The other difference between Cairn and the UK housebuilders is that rather than having to compete with a long list of other large players, Cairn has just one scale rival: Glenveagh Properties (GLV). It and Cairn represent the duopoly in the listed Irish housebuilding market – with market caps around the same size – and a lot can be learned from comparing the two.
The first thing to note is that Cairn had a first-mover advantage, starting out three years before Glenveagh joined the party in 2017. Cairn says that it was able to build 70 per cent of its existing land bank within nine months of its initial public offering (IPO). Put another way, Cairn had both the funds and a three-year jump on Glenveagh to buy up the land it wanted at a point when few dared to speculate on a recovery in Ireland’s financial-crisis-battered property market, and this continues to pay dividends today.
The second is that both have moved into build-to-rent (BTR) in an attempt to further solidify their positions as the two big names in residential development, not just housebuilding. Cairn currently has 11 BTR developments with around 2,000 flats, while delivering BTR for institutional investors is one of Glenveagh’s three business arms.
Yet perhaps the most noteworthy comparison concerns valuation. Both companies’ shares were badly hit by the pandemic, but where Glenveagh’s market value has since largely recovered, the equity market seems less bullish about Cairn. It cannot be denied that Glenveagh has achieved more since listing in 2017 than Cairn has done in the same time period, thanks in part to a bigger equity raise on debut. Yet the wide discount between the two companies seems unwarranted. Yes, Glenveagh has grown faster than Cairn and has a slightly smaller debt-to-cash profits ratio, but Cairn is no slouch. The latter is also forecast to generate better returns on equity and net margins this year. Take into account the presence of a generous dividend and the discount to book value, and Cairn looks the better pick.

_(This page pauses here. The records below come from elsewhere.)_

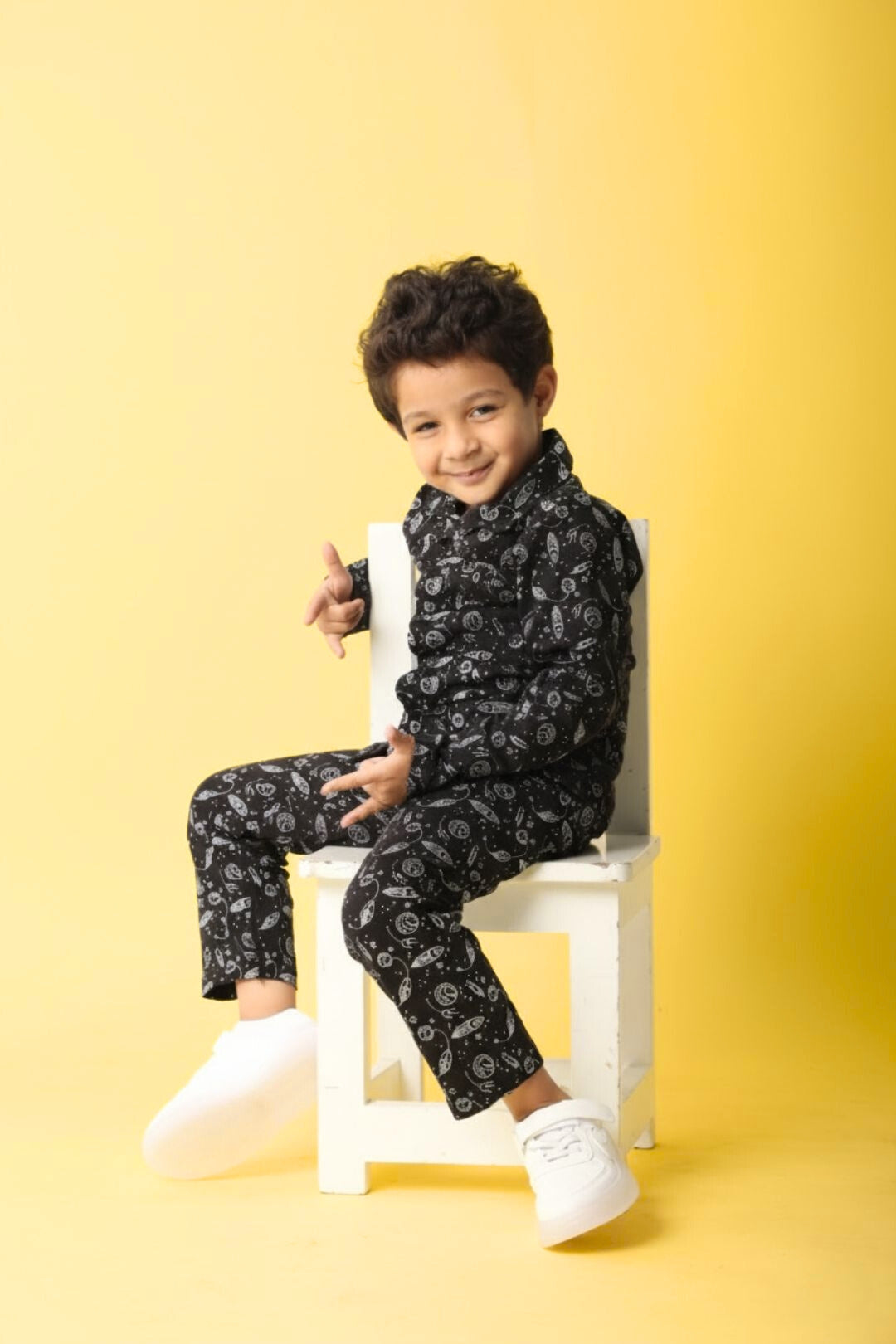 Black Pure Cotton Printed Nightsuit for Boys
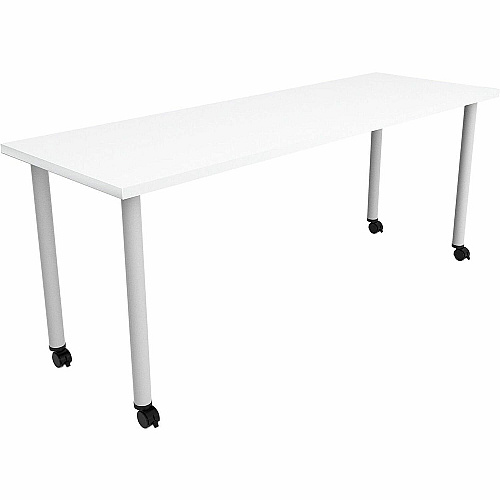Safco Jurni Multi-Purpose Table with Post Leg & Casters Laminated Top - Powder Coated Post Leg Base - 72" Table Top Width x 24" Table Top Depth x 1.10" Table Top Thickness - 29" Height - Multipurpose - Assembly Required - Designer White - L (JN7224FTCDWT)
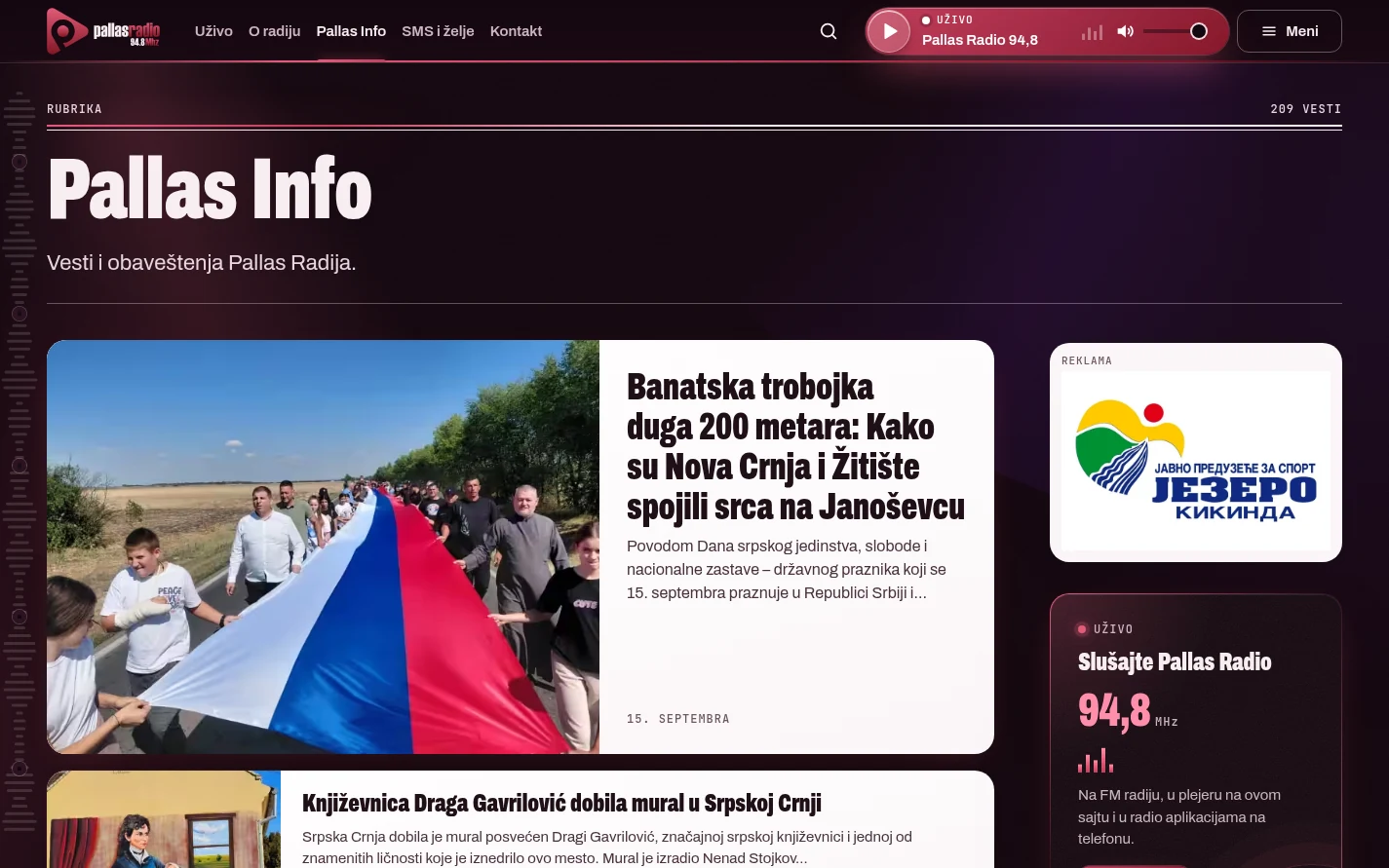 Rubrika Pallas Info sa vestima iz Nove Crnje, banerom sponzora i plejerom uživo
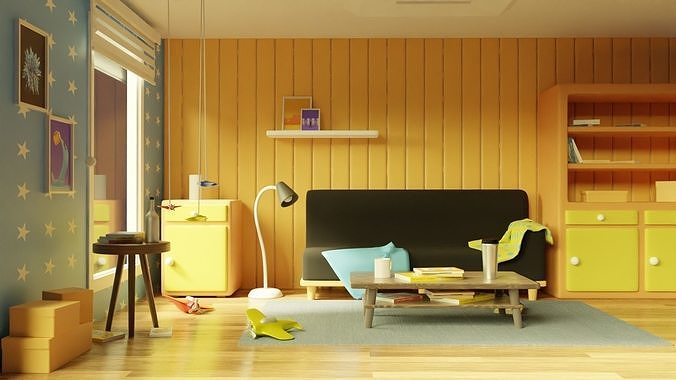 Living Room Cartoon Environment Style 3D model 3
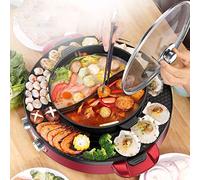 Electric Grill Indoor Hot Pot Multifunctional Non-Stick Korean Hot Pot with Divider - Separate Dual Temperature Control, Smokeless Korean BBQ Shabu Shabu Pot for Outdoors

The big question for both Cairn and Glenveagh is whether the boom times can continue. The market is in a similar position to the UK, where price frothiness has many worried about a crash. For the year to July, UK house prices shot up 15.5 per cent compared with a 7.8 increase for the year to June. Meanwhile, Irish house prices have increased 14.1 per cent for the year to July.
 
 
Those with memories of 2008 and its aftermath may recall that Ireland’s housing crash was deeper and more damaging than the UK’s. Although history is not guaranteed to repeat itself, the risk of the Irish housing bubble bursting is worth bearing in mind. But would-be Cairn Homes investors can take solace in the fact that the Dublin housing market, where Cairn has amassed a 17,700-unit land bank and does most of its work, appears at less risk of overheating than the rest of Ireland.
Still, the continued need for housing in Ireland should mean that, while cyclical threats may hinder Cairn, they are unlikely to throw it off course. What’s more, the housebuilder’s current gearing is not worryingly high, should negative swings in working capital require the draw down of the €118mn (£103mn) of extra liquidity that was available at the end of June. Even amid rising threats to house prices, the demand for Dublin homes mean the market’s pessimism looks overdone.